Many women make infant feeding decisions before delivery and before any contact with health professionals.33–35 Although health promotion campaigns are influential in educating women about breastfeeding, they often do not dissuade women from formula feeding once the decision has been made.35
Although new mothers may be aware of breastfeeding benefits, they often lack practical knowledge about the technique and process of initiating and maintaining breastfeeding, and this may make them resort to infant formula instead. In a survey of newborn health care knowledge among Brazilian women, almost 60% of the women were ill prepared for breastfeeding, with perceived difficulties leading to a conscious decision to formula-feed.36
Mothers also vary in their knowledge of breastfeeding, and standard breastfeeding educational material may not answer all their questions. Individualized counseling enables mothers to clarify any personal doubts they may have about the theoretical and practical aspects of breastfeeding.
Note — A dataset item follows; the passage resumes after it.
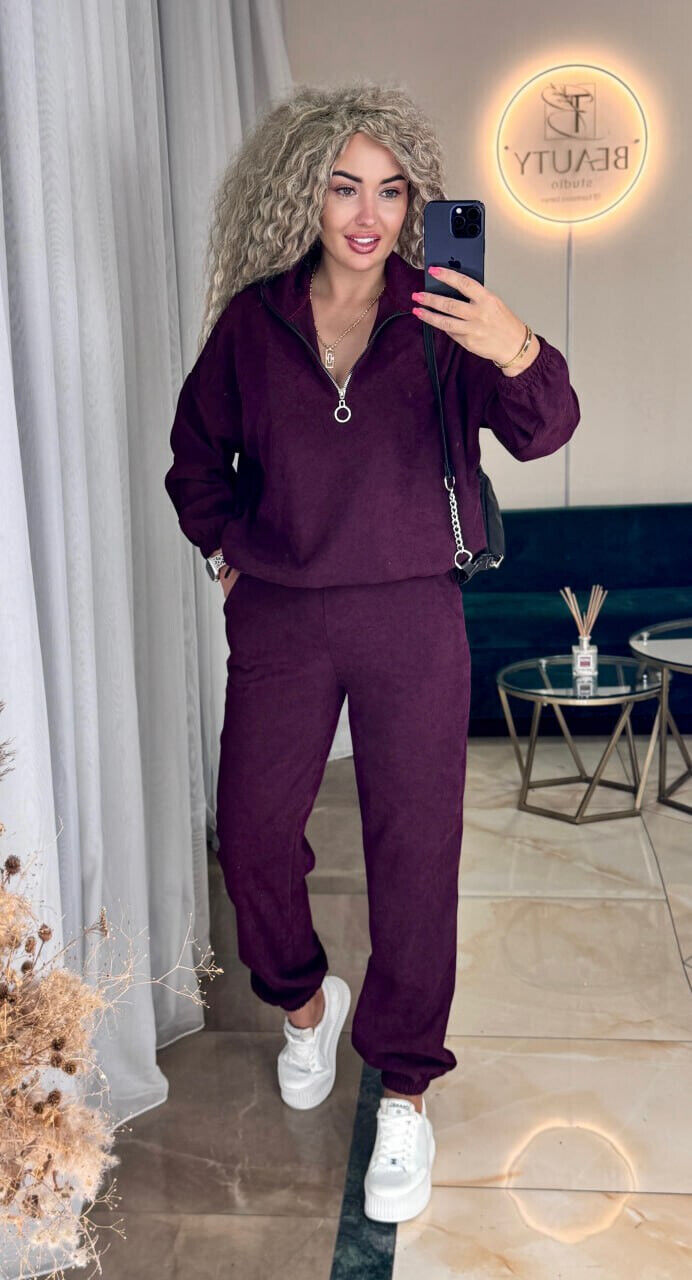 Женский костюм из микровельвета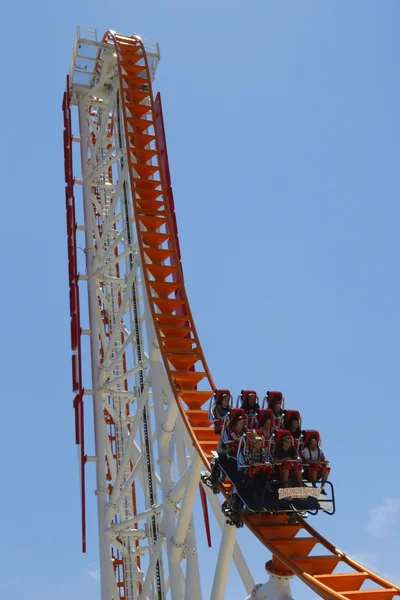 Piorun roller coaster na coney island w brooklyn — Zdjęcie stockowe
Various forms of breastfeeding education have been tried with mixed results. Henderson found that teaching first-time mothers about positioning and breast attachment in the puerperium did not increase breastfeeding duration.37 In other trials, individual or small-group teaching, counseling, practical advice, audio-visual aids, and demonstrations were associated with improved breastfeeding rate and duration.38–42 Systematic reviews show that postnatal support from health care professionals and peer counselors leads to a modest reduction in breastfeeding cessation and a prolonged duration of exclusive breastfeeding43 and suggest that these trained health care professionals should give women early practical advice on correct positioning and attachment to reduce lactation difficulties and increase breastfeeding duration.44
Our results support the current body of evidence in favor of educational intervention. The outcome of this trial demonstrates the effectiveness of a simple, structured, one-encounter form of antenatal intervention leading to a significant increase in exclusive and predominant breastfeeding at 3 months. There is a definite trend toward higher exclusive and predominant breastfeeding rates at 6 months. Provision of printed or audiovisual educational material is not enough. The most useful intervention includes demonstration of breastfeeding techniques (educational video), one-to-one teaching by a trained lactation counselor, and a breastfeeding information booklet. There is a trend toward exclusive or predominant breastfeeding with a greater degree of intervention. Thus, health care workers should provide at least one face-to-face encounter to educate and prepare mothers for breastfeeding before they deliver.